By Vernon Velasco
I KNOW of a photographer who’d rather get marooned on some temptation island with a really basic toy camera than get stuck with Kendall Jenner in the studio for the rest of his life. Me? I want to take Kendall to that magical island and just canoodle there, al fresco, forever and ever amen. In other words, is he out of his frigging mind?
But I have come to understand that he’s not a lonely lunatic after all, especially after he revealed that the magical place in question was the collectively known Caramoan Islands, the tip of the iceberg that is the now-getting-all-the-more-famous Camarines Sur in Bicol.
I had been to Caramoan as a tot and I remember pulling at my father’s shorts and telling him that I’d go back and marry Caramoan when I grow up.
Fifteen-odd years later, I chanced upon poignant photographs at the pedestal in Bonifacio Global City by lensmen Raymund Isaac and Erik Liongoren of the maiden and I fell in love a second time.
The set of photographs was part of 24/7/7, a seven-part photo exhibit and coffee-table book featuring Camarines Sur that was a brainchild of acclaimed photographer Jun de Leon and Camarines Sur Gov. Miguel “Migz” Villafuerte, dropping seven photographers in seven different locations to compose their visual poetry on the province’s postcard landscape, seascape and peoplescape in 24 hours.
“The idea was to showcase Camarines Sur’s people and places through a photography initiative that hasn’t been done,” Villafuerte said. “Luckily, we had Jun de Leon, who had an interesting concept and friends who were willing to take it on.”
The roster of seven acclaimed photographers included—besides Isaac, Liongoren and de Leon himself—Wig Tysmans, JA Tadeña, Jake Verzosa and Sara Black, all framing Camarines Sur onto a kind of a now-they-move-now-they-don’t photography, like the view you have from your airplane window of the boats in the sea momentarily stalling into a picturesque standstill when you ascend 17,000 feet in the air.

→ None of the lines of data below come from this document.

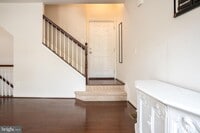 Building Photo - 42243 Canary Grass Square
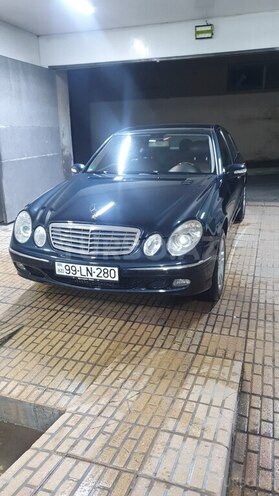 Mercedes E 220-2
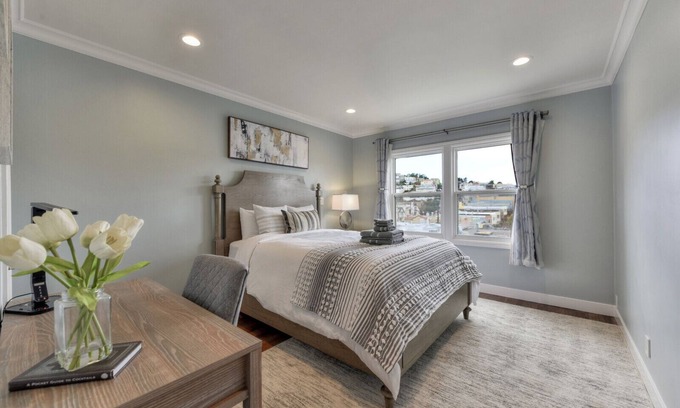 Outer Mission House | LUXE-Remodeled 2BR With City View in SF(Bart/muni)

The photographers were alien to the concept, which, de Leon said, was inspired by the television series 24. “It made use of narration techniques via real-time footage and split screens to show simultaneous events.”
Through the eyes of Isaac and Liongoren, the ever bucolic and lonely Caramoan took an amorphous form in the nostalgic images in Sabitang Laya, Langkipaw, Matalhod, Mantalistis and then some nook and cranny populated by the island dwellers.
Meanwhile, bringing the poetic feel of Lake Buhi to the fore, Tysmans (“Lesson From Life in Lake Buhi”) captured Lake Buhi, the fisherfolk and a barangay beauty queen the way a poet might in his meandering verses.
Black’s (“Call of the Wild”) Mount Isarog trek and a dip in the Asupre Sulfur Spring yielded wallpaper-material mugshots of nature and rolling mountains. Meanwhile, Verzosa (“Of Basketball Courts, a Motorbike and One Majestic Mountain”) explored through the same mountain on a motorbike, painting pictures of the barangays of Mount Isarog which, despite its reclusive mountain, are not bereft of basketball courts.
Like a romantic bard or a merchant in Venice, cinematographer-slash-photographer Tadeña (“Treasures From the River”) waxed poetic over the Bicol River, obviously feeling a close affinity with it. On the other hand, de Leon’s photography and wakeboarding mettle came together in the Camarines Sur Watersports Complex (CWC), producing pictures that captured the frisson in CWC at different times of the day.
“It’s really just about pursuing our passion and, in the process, helping promote Philippine tourism,” de leon said, milling about and letting themselves go wherever all this beauty in the world might take them. The whole point of travel, after all, is to be lost in the way.